Notre Dame's season ended with the team at less than full strength.
The second-seeded Irish lost 71-57 to 10th-seeded Florida State on Sunday in the third round of the NCAA tournament with one starter struggling to get through most of the game.
Notre Dame forward Scott Martin said he injured his back after taking a charge in the game's opening minutes, and the senior was never the same the rest of the game.
"It's a contusion or something, I don't even know what they said," said Martin, who missed a 102-62 victory over Chicago State on Nov. 17 because of back spasms.
"I tried. I did every thing I could do. They shot me up. I was hurting us more than I was helping us. It wasn't smart for me to be out there."

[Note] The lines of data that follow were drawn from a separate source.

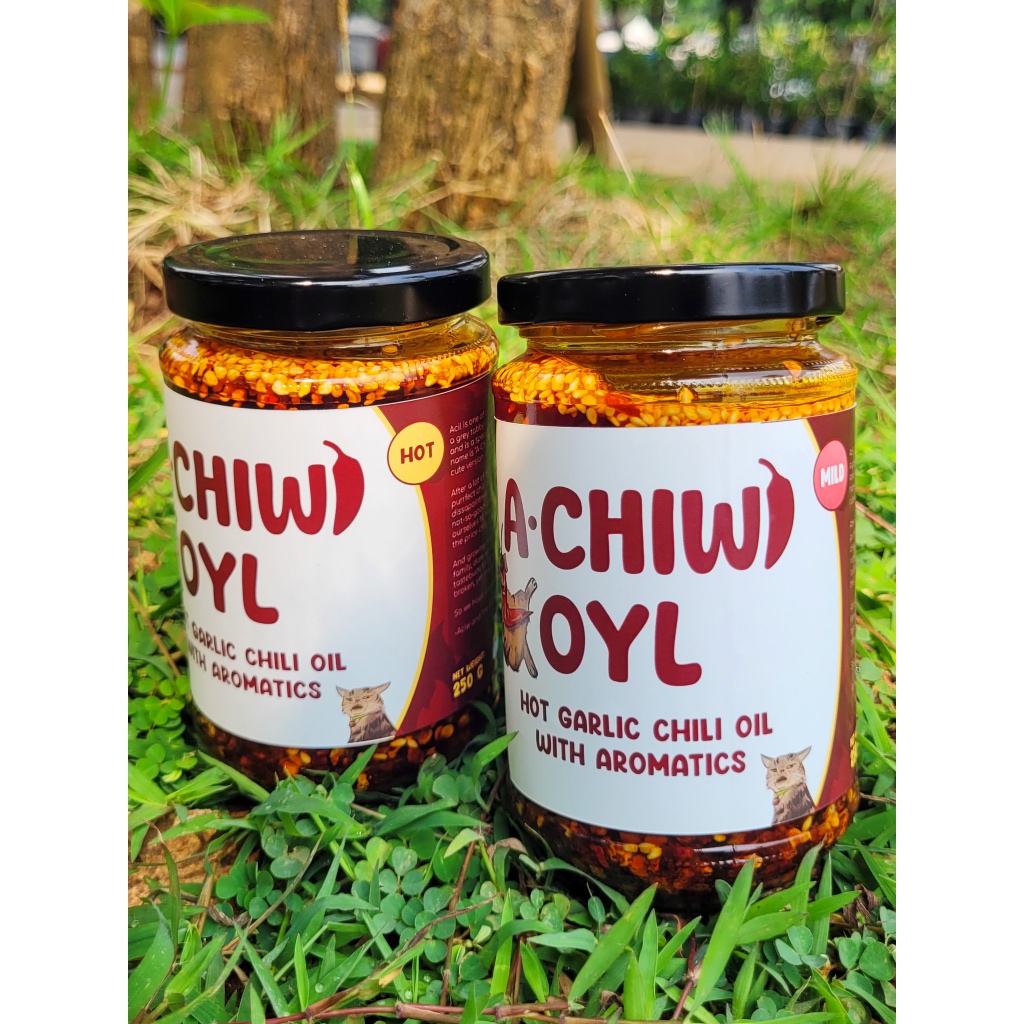 

A-Chiwi Oyl / Garlic Chili Oil with Aromatics / Minyak Cabai dengan Rempah dan Bawang - 250gr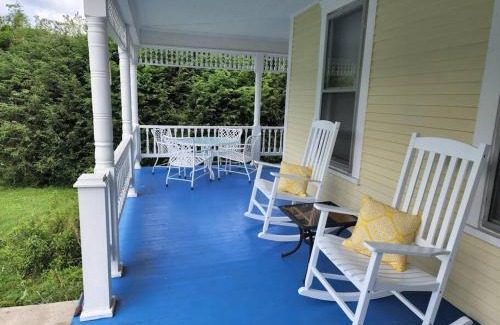 Durbin House | BaseCampWV-Durbin. Spacious 4 bedroom house w/yard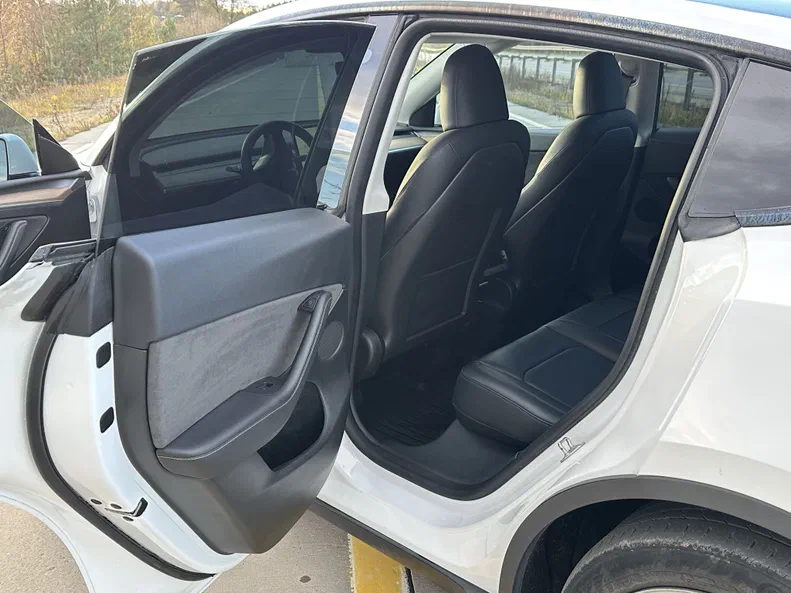 Tesla Model Y 2022 - 7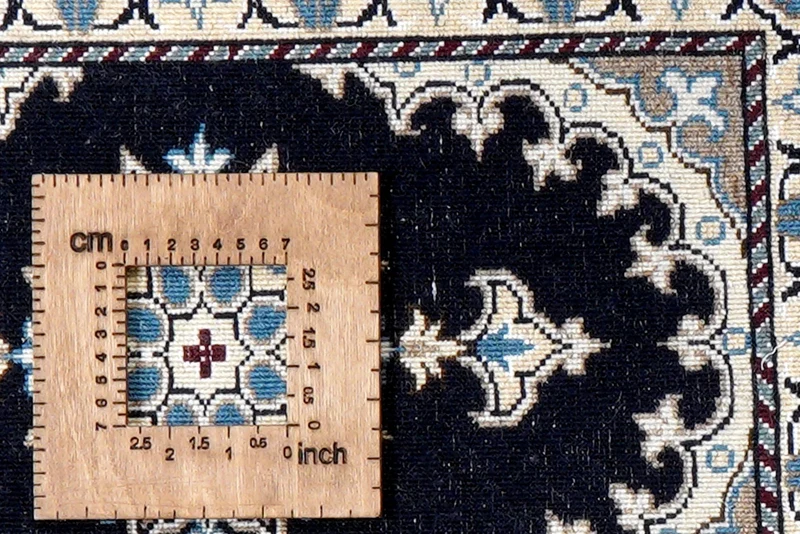Nain 12La · Handgeknüpft – Blau, 61x40 cm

Martin went 0 for 4 in just 17 minutes against Florida State. He went to the locker room twice during the first half to get his back worked on.
"It's one part to this machine, and when it goes down it affects the whole machine," forward Tyrone Nash said of Martin's injury. "You saw the affects of what happen. He's played great all year."
Notre Dame (27-7) didn't play its greatest game at the wrong time against Florida State (23-10).
The Irish were just 19 of 62 from the floor, and they only hit 7 of 20 three-pointers. It was the seventh time in seven losses that Notre Dame shot below 33 percent from three-point range this season.
The loss also added to a legacy of early NCAA tournament exits for the Irish.
In 11 seasons under coach Mike Brey, Notre Dame has only advanced to the Sweet 16 once (2003), and Brey is 1-4 in Round of 32 games.
Notre Dame did make some good history this season.
The 27 victories were the most since the 1908-09 team won 33 games. The Irish were a No. 2 seed in the NCAA tournament for the first time since 1981, and their 14 Big East victory matched the program's most in league play.
"I would say in time we will be able to reflect on the big picture of things," coach Mike Brey said. "We are really disappointed in not getting further. I think in time we will be able to reflect on what this group did for our program. It was kind of uncharted territory for our program for five months."